-- Opening Marker --

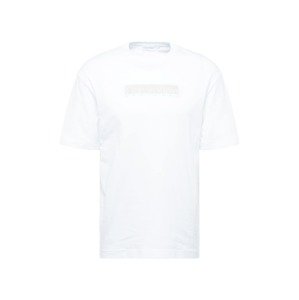 Calvin Klein Póló 'NEW YORK'  bézs / fehér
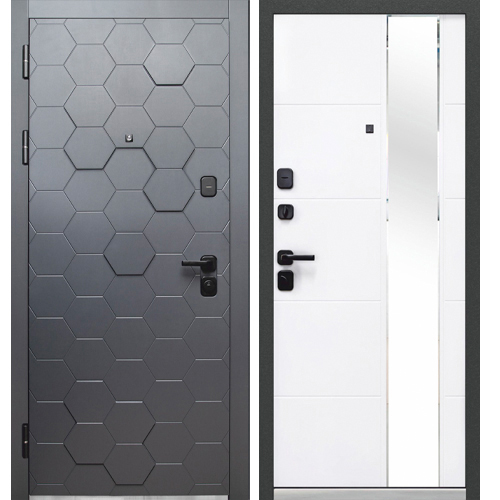 картинка Дверь мет. Luxor 2МДФ 3Д (860мм) левая от магазина ТНП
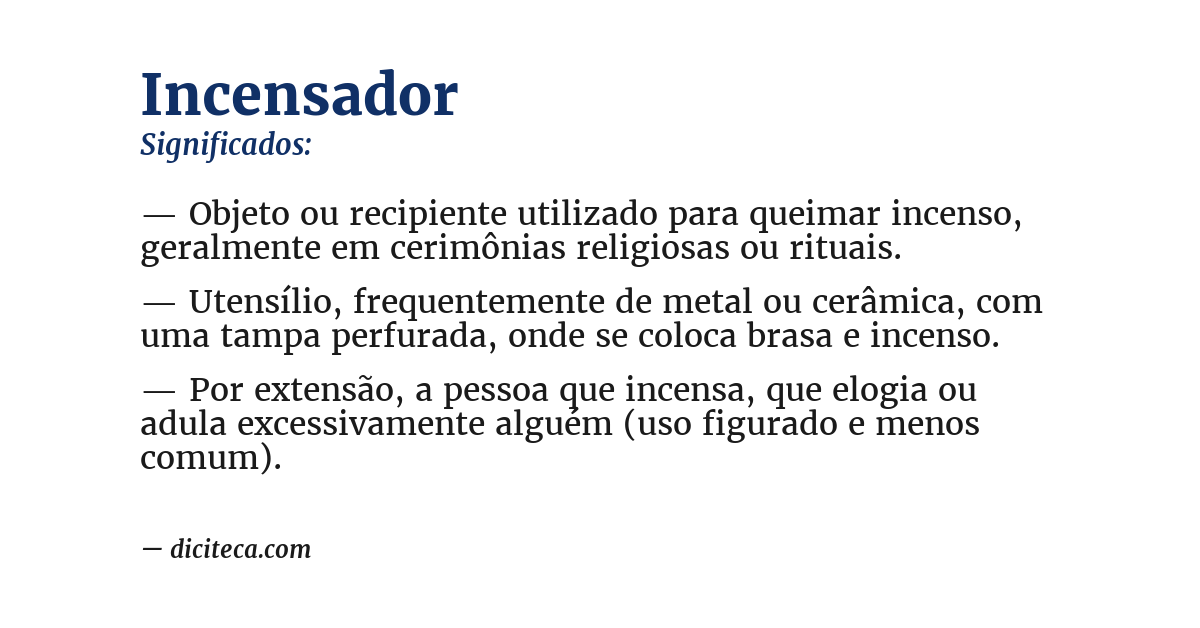 Significado de incensador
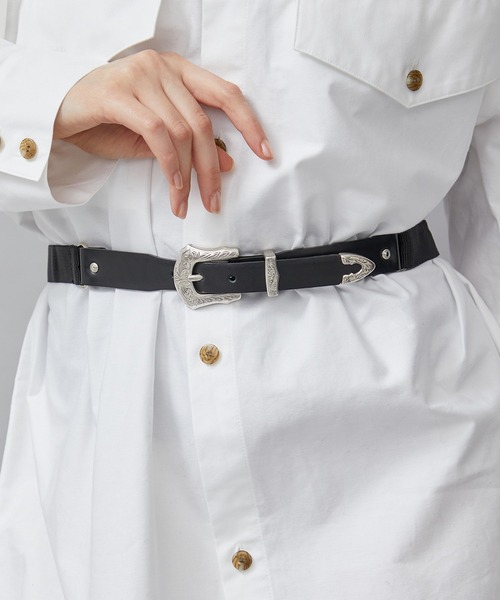 TOGA PULLA 本革レザーベルト ダブルバックルTPO2-AH524 TOGA PULLA 本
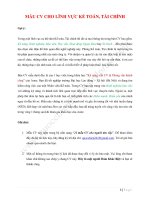 Mẫu CV cho lĩnh vực Kế toán, Tài chính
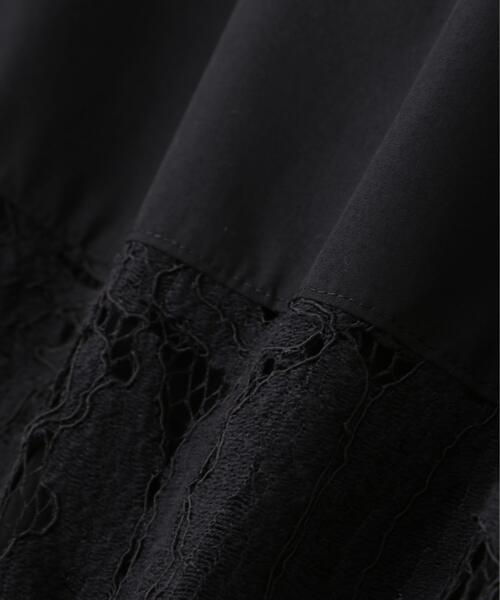 PINKY&DIANNE(ピンキーアンドダイアン)の「◆リーフ柄レーススピンドルスカート(スカート・レディース・ホワイト/ブラック・36/38)」の9枚目の写真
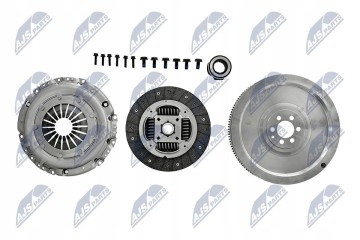 Single mass wheel NTY set VAG 1 9TDI 03 with clutch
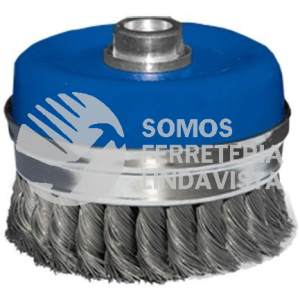 2889 CEPILLO TIPO COPA DE ALAMBRE TRENZADO EASY-CUT (4-3/4"X0 020"XM1) TENAZIT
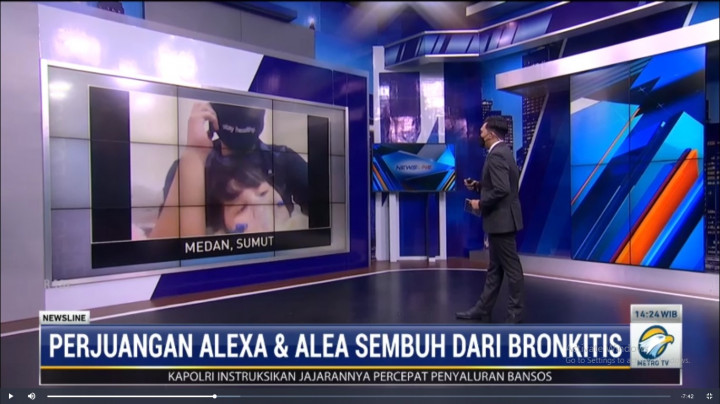Dukung si Kembar Alexa dan Alea Berjuang Melawan Asma Bronkitis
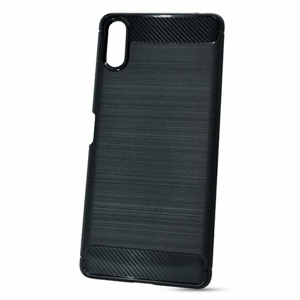 Puzdro Carbon Lux TPU Sony Xperia L3 - čierne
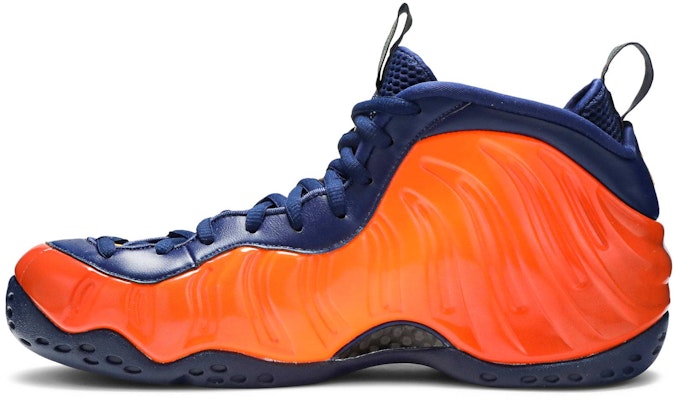 Nike air hot sale foamposite orange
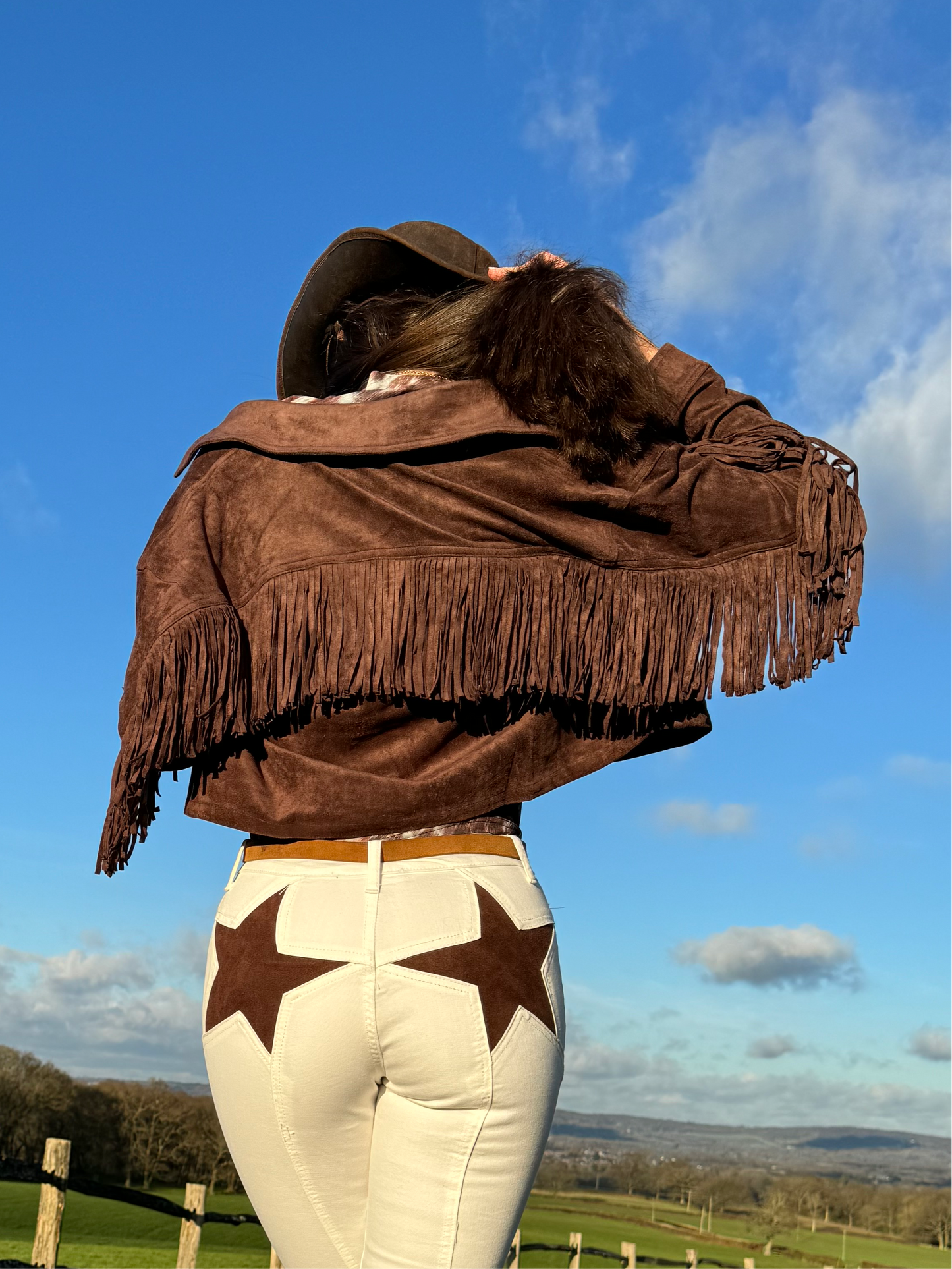 ‘Rodeo’ Fringed brown suede Jacket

-- Closing Marker --

What to do ▸ All of the lines above should be printed exactly, minus the pictures.

Expected output ▸
 Calvin Klein Póló 'NEW YORK'  bézs / fehér
 картинка Дверь мет. Luxor 2МДФ 3Д (860мм) левая от магазина ТНП
 Significado de incensador
 TOGA PULLA 本革レザーベルト ダブルバックルTPO2-AH524 TOGA PULLA 本
 Mẫu CV cho lĩnh vực Kế toán, Tài chính
 PINKY&DIANNE(ピンキーアンドダイアン)の「◆リーフ柄レーススピンドルスカート(スカート・レディース・ホワイト/ブラック・36/38)」の9枚目の写真
 Single mass wheel NTY set VAG 1 9TDI 03 with clutch
 2889 CEPILLO TIPO COPA DE ALAMBRE TRENZADO EASY-CUT (4-3/4"X0 020"XM1) TENAZIT
Dukung si Kembar Alexa dan Alea Berjuang Melawan Asma Bronkitis
 Puzdro Carbon Lux TPU Sony Xperia L3 - čierne
 Nike air hot sale foamposite orange
 ‘Rodeo’ Fringed brown suede Jacket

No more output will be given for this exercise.